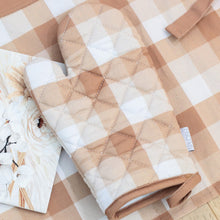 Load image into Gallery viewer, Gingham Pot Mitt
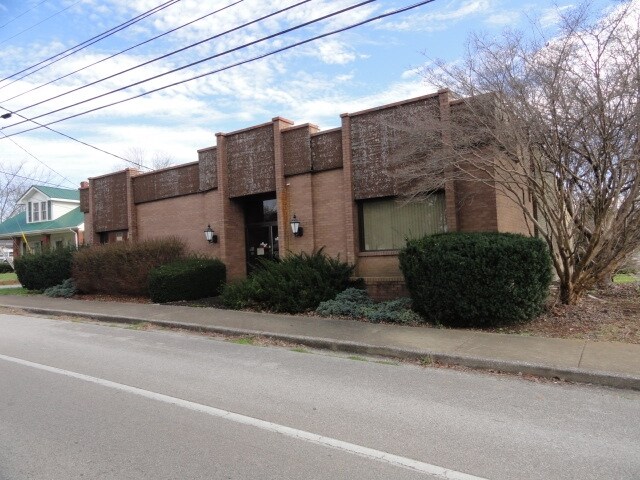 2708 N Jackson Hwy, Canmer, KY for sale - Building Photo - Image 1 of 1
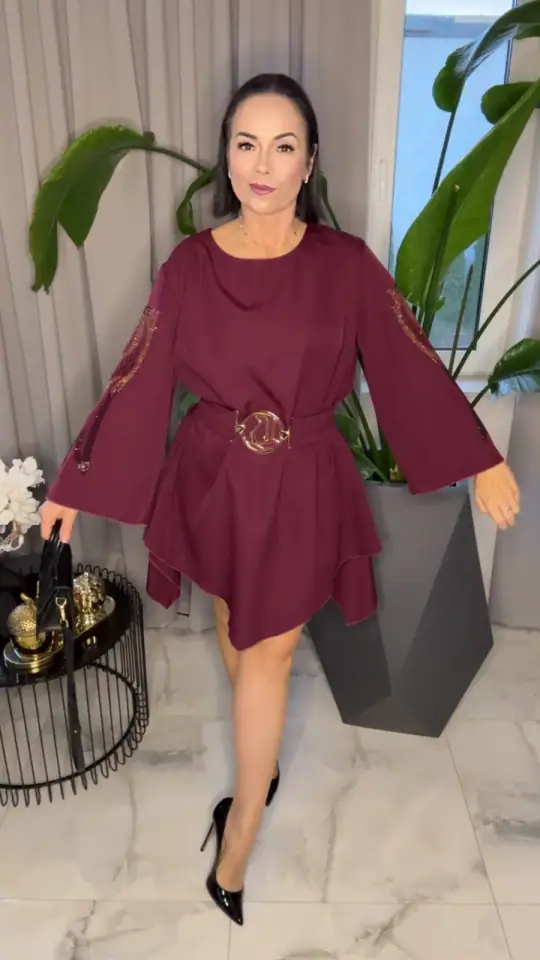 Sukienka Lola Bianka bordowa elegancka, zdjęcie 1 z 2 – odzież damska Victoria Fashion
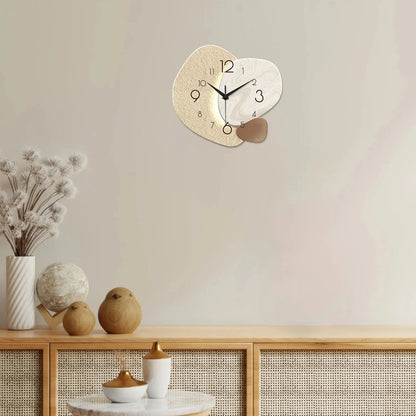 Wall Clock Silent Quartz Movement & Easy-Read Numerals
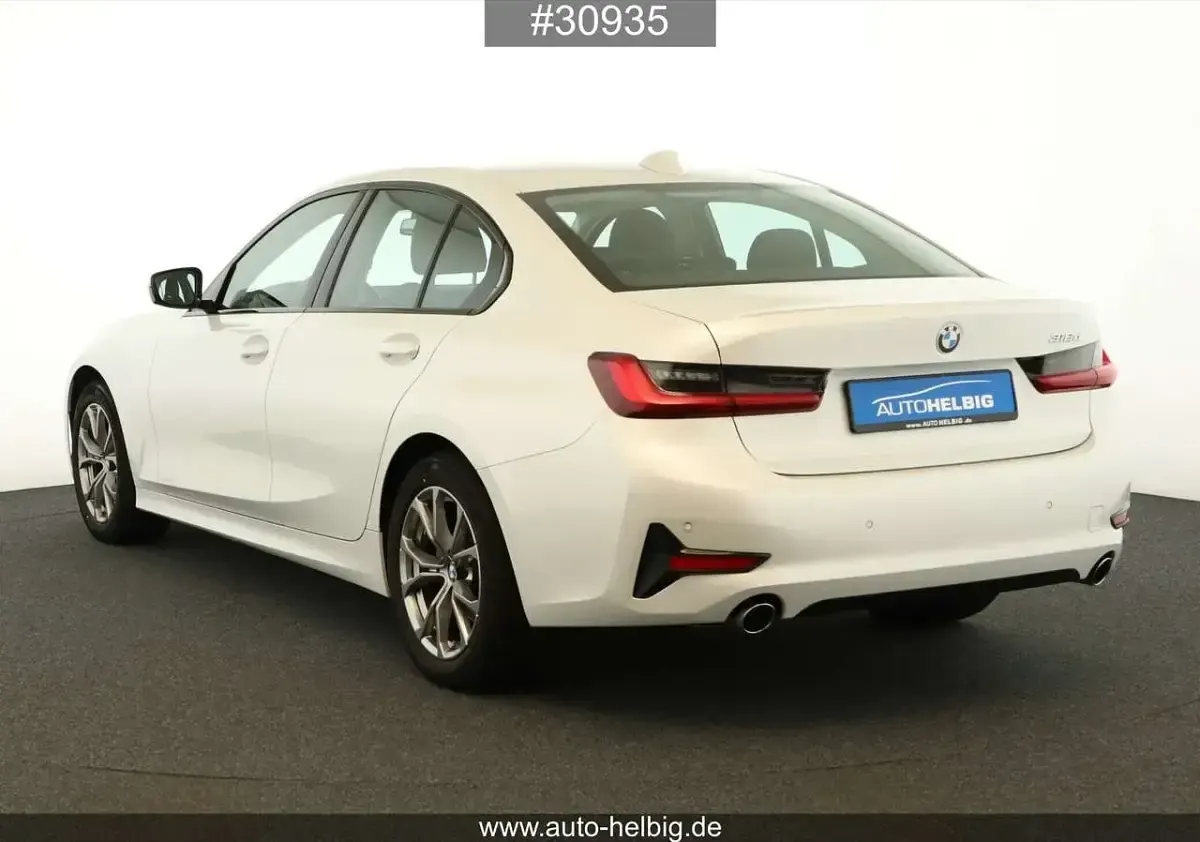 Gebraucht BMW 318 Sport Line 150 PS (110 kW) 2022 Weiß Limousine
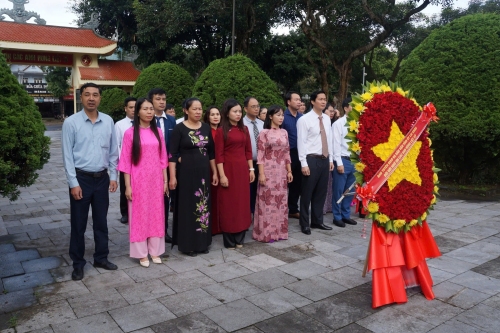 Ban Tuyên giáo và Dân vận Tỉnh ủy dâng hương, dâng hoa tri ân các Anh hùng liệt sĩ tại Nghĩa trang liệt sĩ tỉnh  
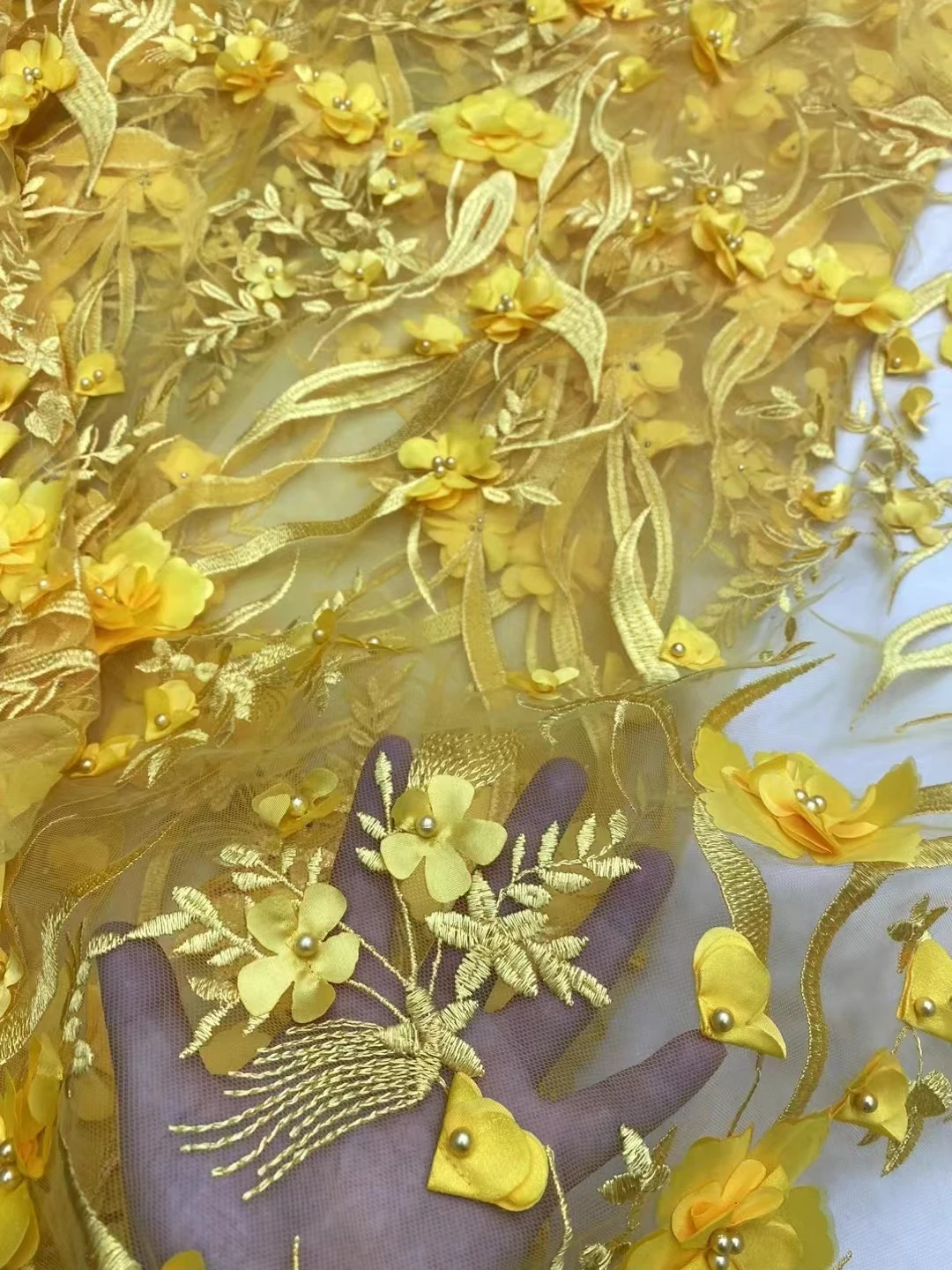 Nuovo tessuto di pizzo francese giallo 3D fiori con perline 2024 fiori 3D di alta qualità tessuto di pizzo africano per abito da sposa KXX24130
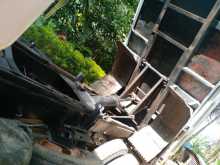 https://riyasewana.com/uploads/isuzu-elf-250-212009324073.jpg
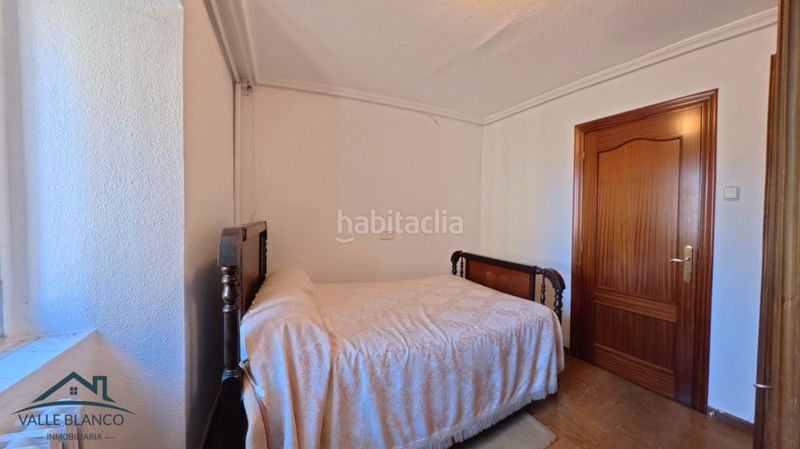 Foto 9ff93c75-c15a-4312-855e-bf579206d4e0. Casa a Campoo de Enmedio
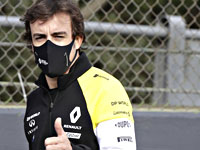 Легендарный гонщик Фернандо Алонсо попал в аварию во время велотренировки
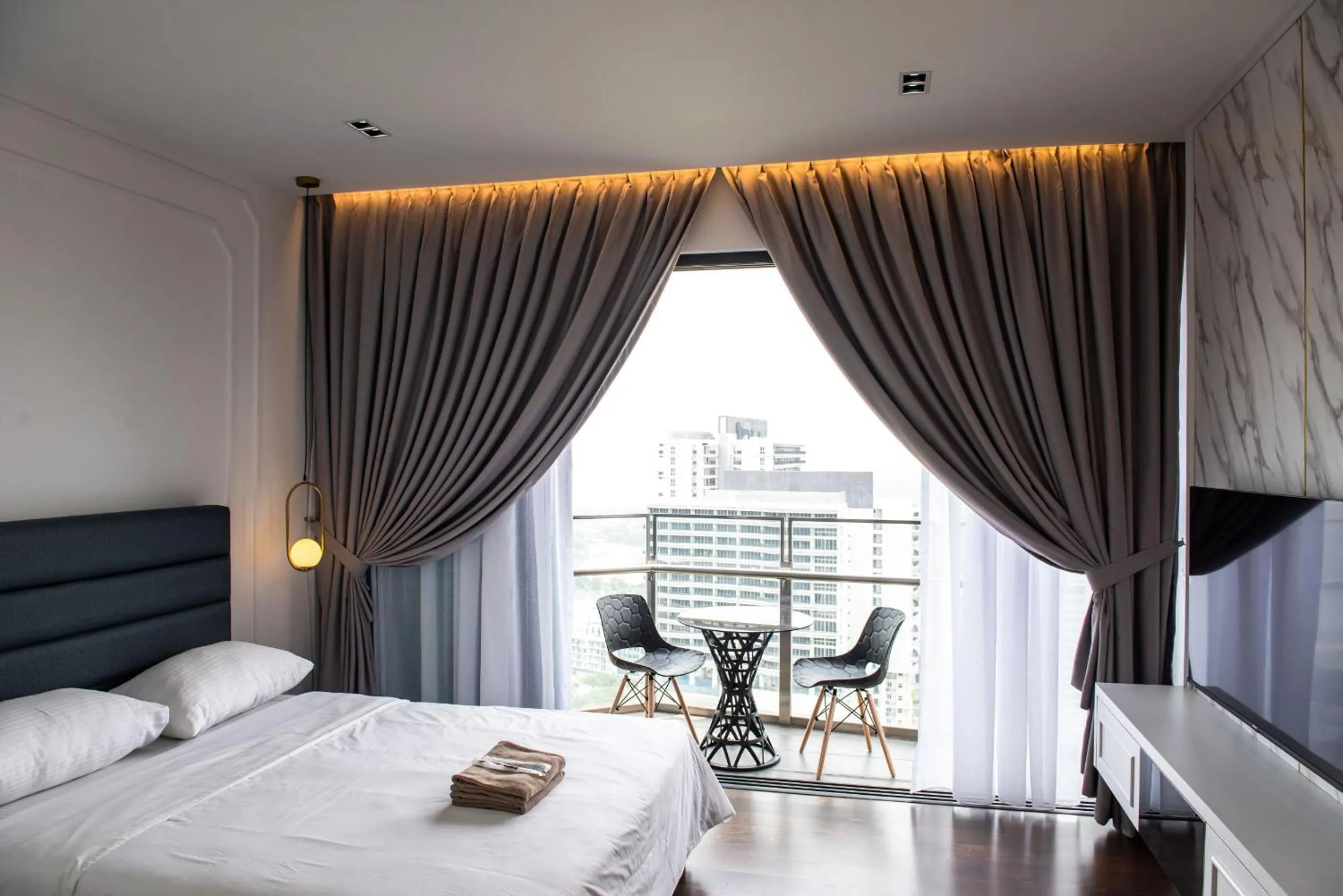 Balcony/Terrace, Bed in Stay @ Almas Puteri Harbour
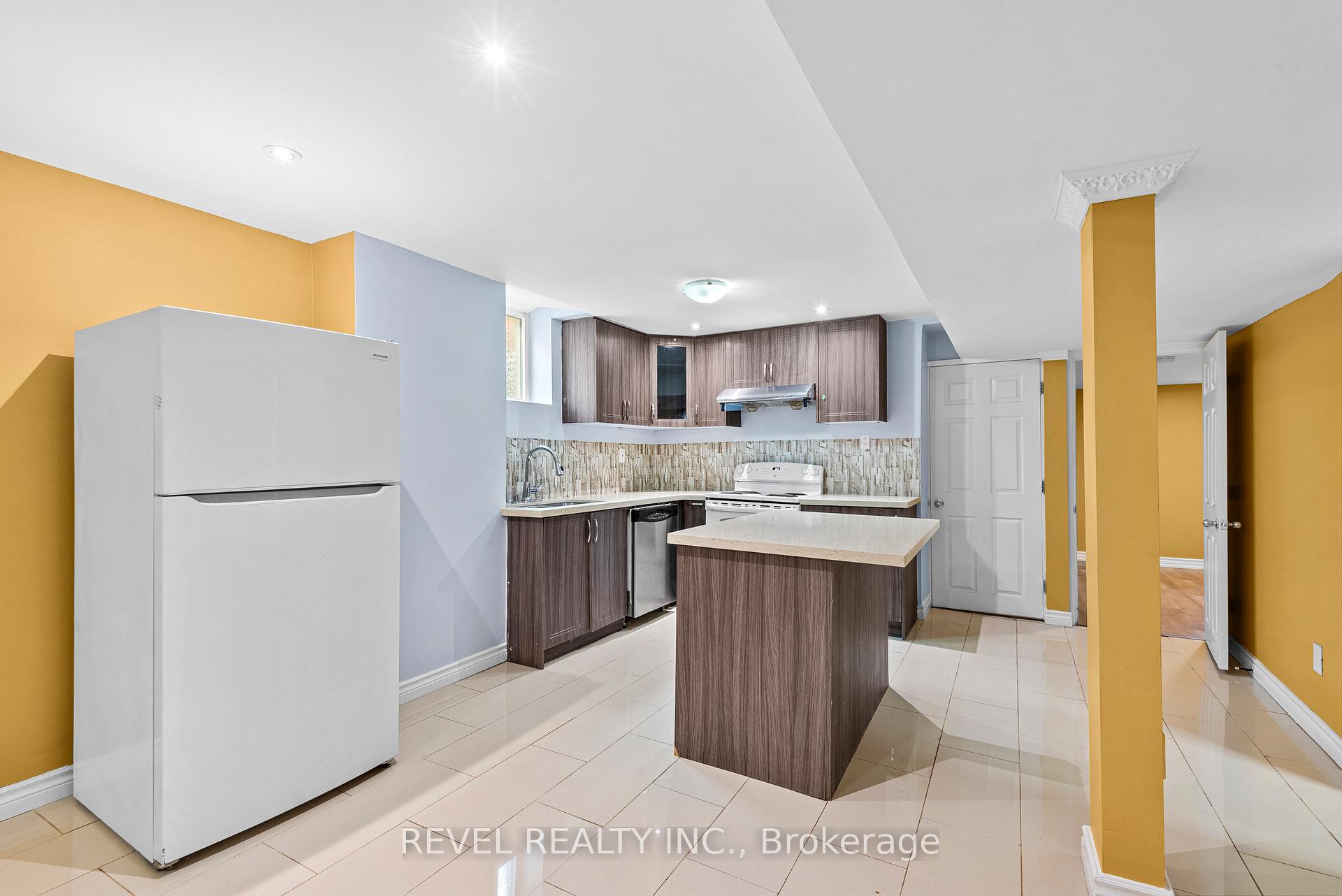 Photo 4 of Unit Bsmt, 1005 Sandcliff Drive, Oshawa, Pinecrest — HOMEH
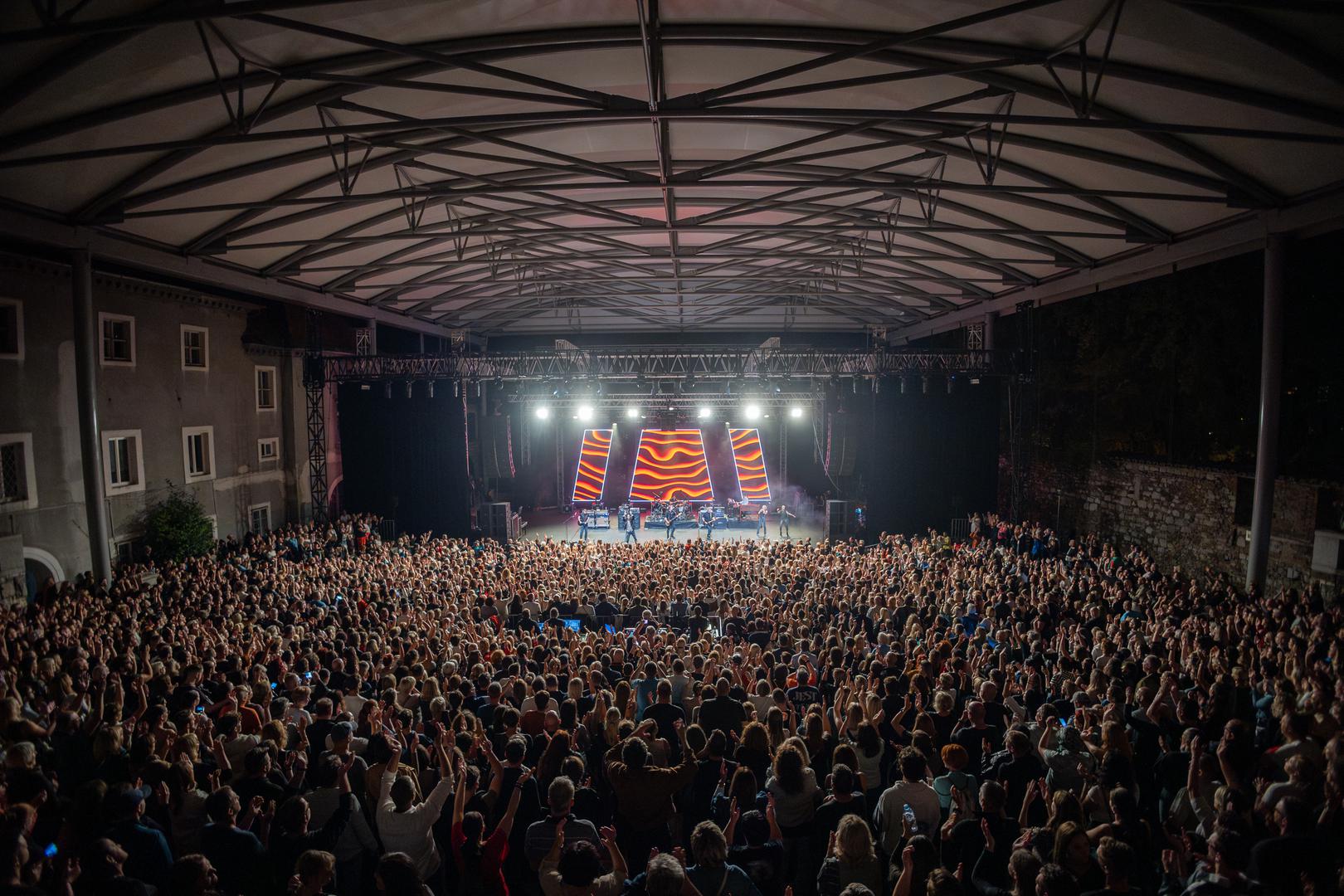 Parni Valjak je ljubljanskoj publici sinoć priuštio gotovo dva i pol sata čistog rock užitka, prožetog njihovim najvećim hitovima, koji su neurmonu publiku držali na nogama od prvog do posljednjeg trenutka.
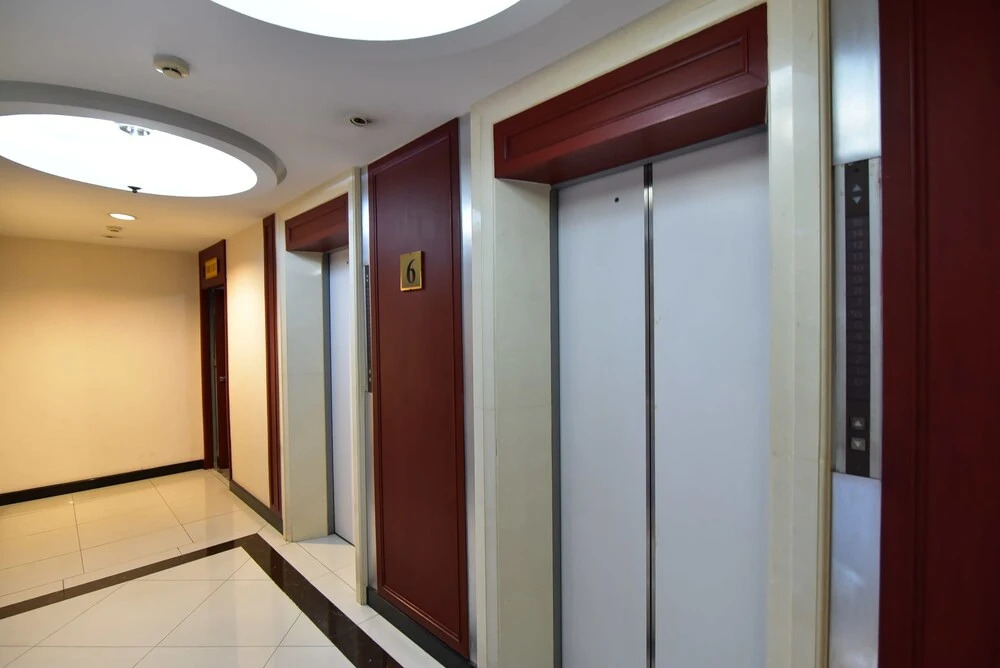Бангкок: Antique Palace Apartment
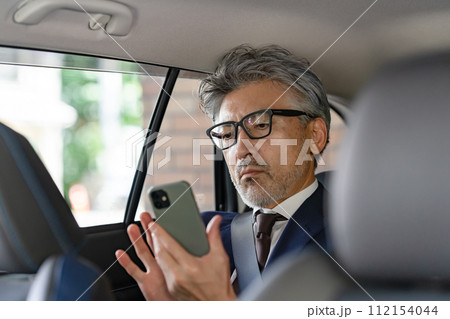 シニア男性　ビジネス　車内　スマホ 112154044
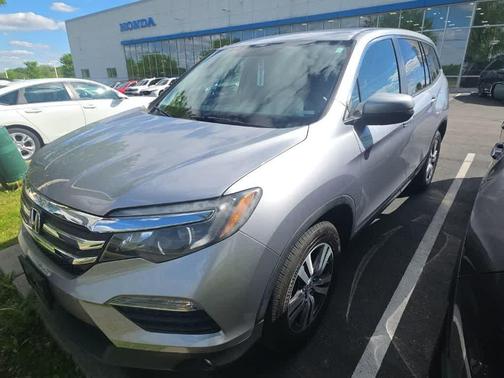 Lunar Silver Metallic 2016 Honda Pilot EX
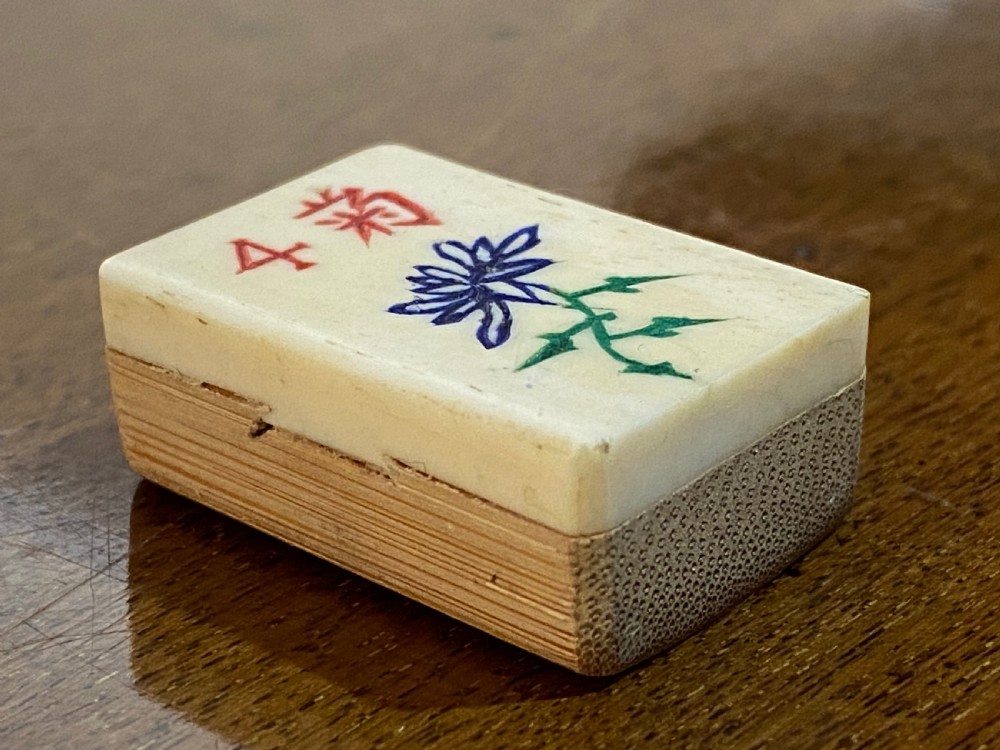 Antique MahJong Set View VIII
===
What is being asked: Only the lines from the top of the data through the line with "Photo 4 of Unit" should be quoted, exactly and with both ends kept; skip the pictures.

Solution to this exercise:
 Load image into Gallery viewer, Gingham Pot Mitt
 2708 N Jackson Hwy, Canmer, KY for sale - Building Photo - Image 1 of 1
 Sukienka Lola Bianka bordowa elegancka, zdjęcie 1 z 2 – odzież damska Victoria Fashion
 Wall Clock Silent Quartz Movement & Easy-Read Numerals
 Gebraucht BMW 318 Sport Line 150 PS (110 kW) 2022 Weiß Limousine
 Ban Tuyên giáo và Dân vận Tỉnh ủy dâng hương, dâng hoa tri ân các Anh hùng liệt sĩ tại Nghĩa trang liệt sĩ tỉnh  
 Nuovo tessuto di pizzo francese giallo 3D fiori con perline 2024 fiori 3D di alta qualità tessuto di pizzo africano per abito da sposa KXX24130
 https://riyasewana.com/uploads/isuzu-elf-250-212009324073.jpg
 Foto 9ff93c75-c15a-4312-855e-bf579206d4e0. Casa a Campoo de Enmedio
 Легендарный гонщик Фернандо Алонсо попал в аварию во время велотренировки
 Balcony/Terrace, Bed in Stay @ Almas Puteri Harbour
 Photo 4 of Unit Bsmt, 1005 Sandcliff Drive, Oshawa, Pinecrest — HOMEH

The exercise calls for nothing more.